Relevante alteração, por outro lado, foi a indicada no art. 9º do Marco Legal. Pela nova lei, surgiu a possibilidade de as empresas que possuam obrigação legal de investimentos em pesquisa, desenvolvimento e inovação, decorrentes de outorgas ou de delegações públicas, honrarem este compromisso através do investimento em StartUps. Essa obrigação ocorre, normalmente, com as concessionárias e permissionárias de serviços públicos, em decorrência de lei, mas, principalmente, de contratos públicos – como ocorre, por exemplo, nos contratos de distribuição de energia elétrica.
A previsão, aqui, contudo, é distinta daquela disposta na Lei do Bem. A regulação abrange apenas as empresas que possuam a obrigação legal de realizar investimento em “P & D”, ao passo que a Lei do Bem dispõe de uma faculdade do empresário, caso cumprido determinados requisitos.
Nesse caso específico regulado pelo Marco Legal, deverá o obrigado realizar os aportes conforme orientação do ente setorial que realizou a outorga ou a delegação, através dos seguintes meios:
- Fundos Patrimoniais (os chamados endownments, ou “Fundos Filantrópicos”, que gerem doações de pessoas físicas ou jurídicas);
- Fundo de Investimento em Participações autorizado pela CVM;
- “Incubadoras” geridas por entes públicos.
Embora o Marco Legal preveja a inclusão das StartUps como beneficiárias de valores relativos a investimento em pesquisa e desenvolvimento, não se promoveu nenhuma alteração nos requisitos da Lei do Bem. Através dela, contudo, poderá a StartUp se beneficiar de investimento em “P & D”, enquanto parceira da empresa investidora, caso se enquadre nos requisitos.
CONCLUSÃO
No campo dos investimentos, observa-se que, ao menos com relação ao crédito privado, questões fundamentais não foram tratadas, tais como a possibilidade de amortização do prejuízo na carteira do investidor-anjo, a tratativa expressa quanto à tributação do investidor-anjo, o enquadramento no regime do SIMPLES de sociedades anônimas ou de sociedades com sócio domiciliado no exterior, ou mesmo a regulamentação das Stock Options, omissão esta, apontada por muitos, como a razão da perda de talentos nacionais para empresas no exterior.

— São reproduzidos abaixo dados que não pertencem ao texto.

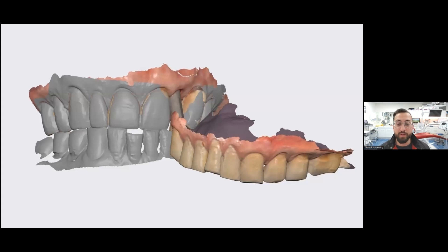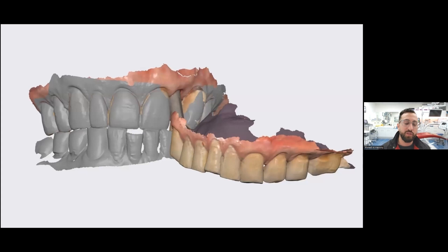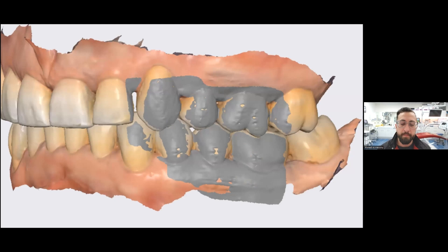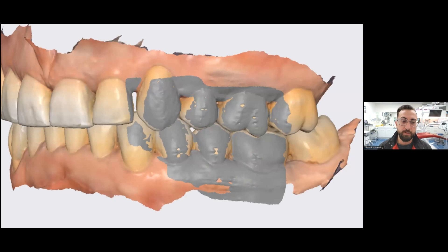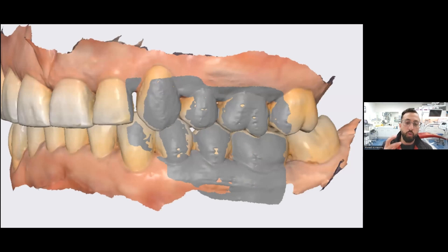This just happens sometimes where the bite scans are all wacky and weird. Sometimes this is due to the software. These days it's actually quite rare, and oftentimes when I see this happening is when there's a lot of soft tissue interference, which can really muck up a bite scan.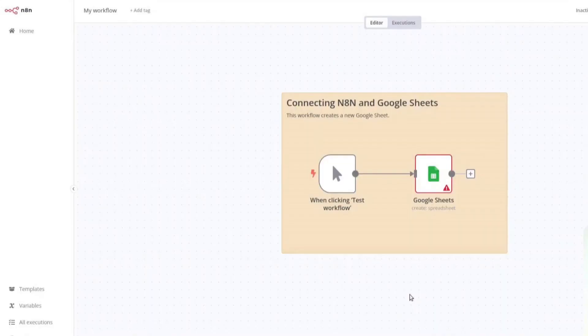In this video, I am going to show you how to connect N8N with Google Sheets so you can automate tasks. Let's get started.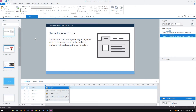First up is the tabs interaction, probably the most common, most used, most flexible interaction type out there. They're a fantastic way to organize and group related content so learners can explore material without having to leave the current slide — a great way to create more pull-based courses without sending learners off to different slides or loading additional pages each time they want to view related content. So what do they look like?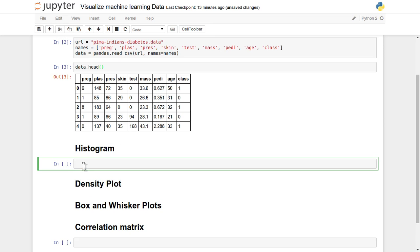First of all, let's see about the histogram. What does a histogram do? In our case, we have a total of almost nine different attributes available from PREG, PLAS, PRESS, SKIN to the class. The histogram tries to divide each individual attribute into different bins, and for each bin it tells us how many values are available. It guides us to take a better decision — for a particular attribute like age, how many people's age lies between a particular range or another range. This way it tells us how your data is distributed with respect to particular bins.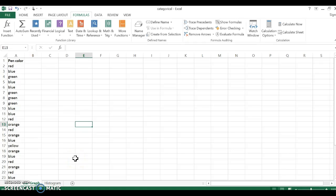In this video, we have column A which has pen colors in it, and pen colors would result in categorical data because each color would be considered kind of a category. Categorical data can be graphed using a bar graph. So we're going to create a frequency distribution of the pen color and then create a bar graph.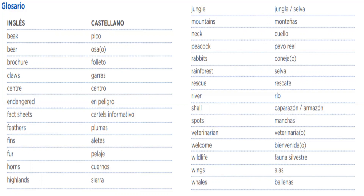Very good. Esto es muy importante: el vocabulario, porque vamos a trabajar con todas estas palabras. Con estas palabras es con la que ustedes van a armar su cartel informativo. Tienen que memorizar este vocabulario: cómo se dice cuello, cómo se dice pico, cómo se dice garras, cómo se dice plumas, cómo se dice aletas, pelaje, etcétera. This is very important for you.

Quanto a este último ponto, entende-se que, como não houve vedação do legislador, os planos de Stock Options ainda podem ser celebrados, e constituem relevante instrumento de engajamento dos colaboradores e de governança corporativa. A ressalva jurídica que se deve apontar, contudo, é que o Legislador perdeu a oportunidade de regular para oferecer maior segurança jurídica, reduzindo potenciais contenciosos sobre o tema – notadamente na esfera tributária.
Por essa razão, é fundamental, no momento de celebração destes planos, o devido assessoramento por advogados especializados na área, de modo a evitar que, a despeito da natureza mercantil do plano, ele seja, perante o Fisco, considerado como de natureza salarial.
Por outro lado, a simplificação de algumas regras relativas a Sociedades Anônimas e a possibilidade de cumprimento da obrigação de investimento em P&D através do aporte em StartUps despontam como soluções interessantes, as quais podem gerar, num futuro próximo, incremento na disponibilidade de crédito neste mercado.